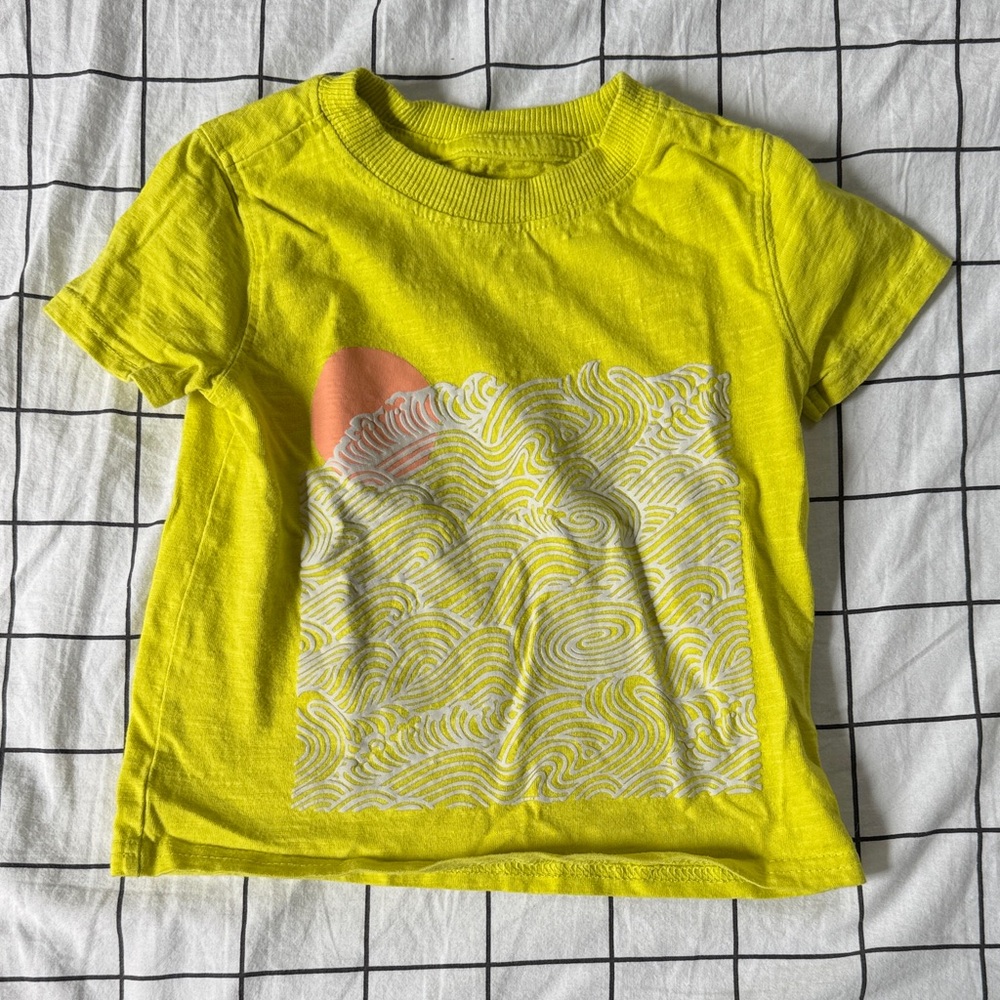 Young Days unisex cute textured 3T tshirt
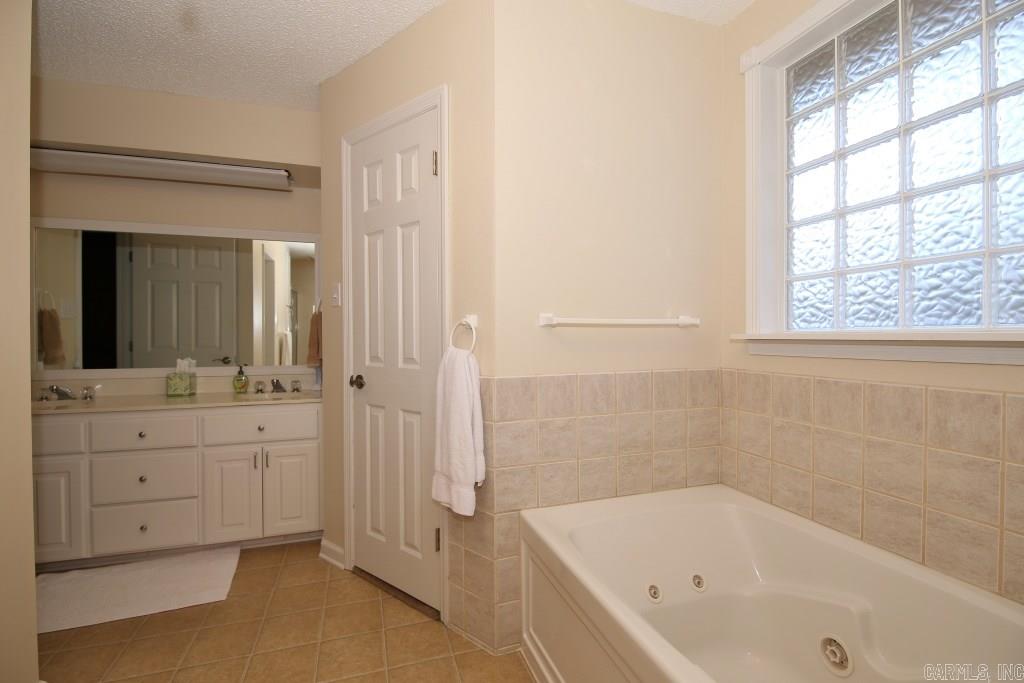 KIMBERLY MANOR TO CRYSTAL HILL - Residential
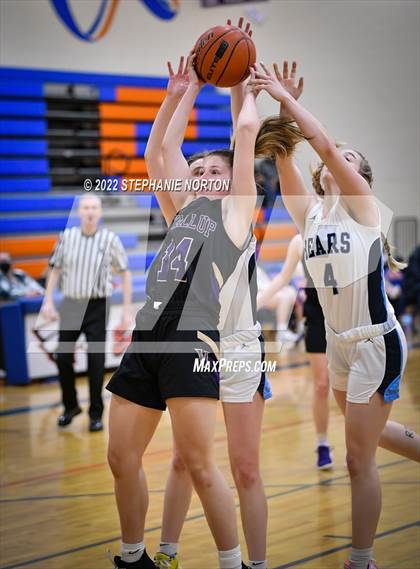 Thumbnail 1 in Puyallup at Olympia (SPSL 4A Playoff) photogallery.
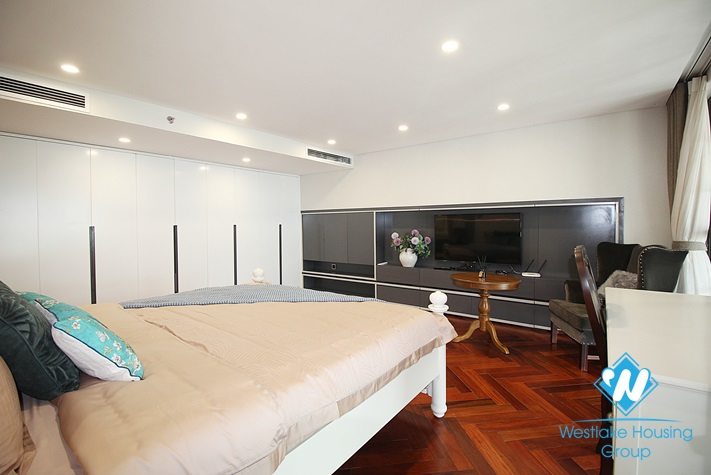 A splendid 3 bedroom apartment for rent on Pentstudio, Lac Long Quan street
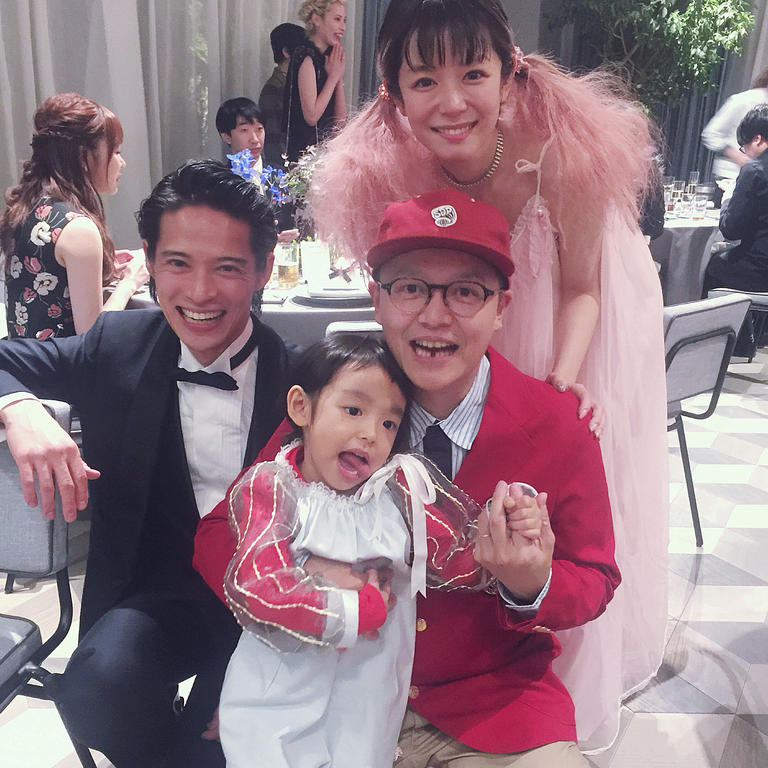 指原莉乃 シソンヌ長谷川さんの結婚披露宴での一コマ Hkt48まとめ いもまと いえーいよっぴ見てるー 指原莉乃 シソンヌ長谷川さんの結婚披露宴での一コマ Hkt48まとめ いもまと いえーいよっぴ見てるー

◆ **Task prompt**: Print, exactly and with no pictures, the lines of the listing above starting at the one that has "KIMBERLY MANOR TO CRYSTAL HILL - Residential" and ending at the one that has "A splendid 3", both included.

◆ **Task output**:
 KIMBERLY MANOR TO CRYSTAL HILL - Residential
 Thumbnail 1 in Puyallup at Olympia (SPSL 4A Playoff) photogallery.
 A splendid 3 bedroom apartment for rent on Pentstudio, Lac Long Quan street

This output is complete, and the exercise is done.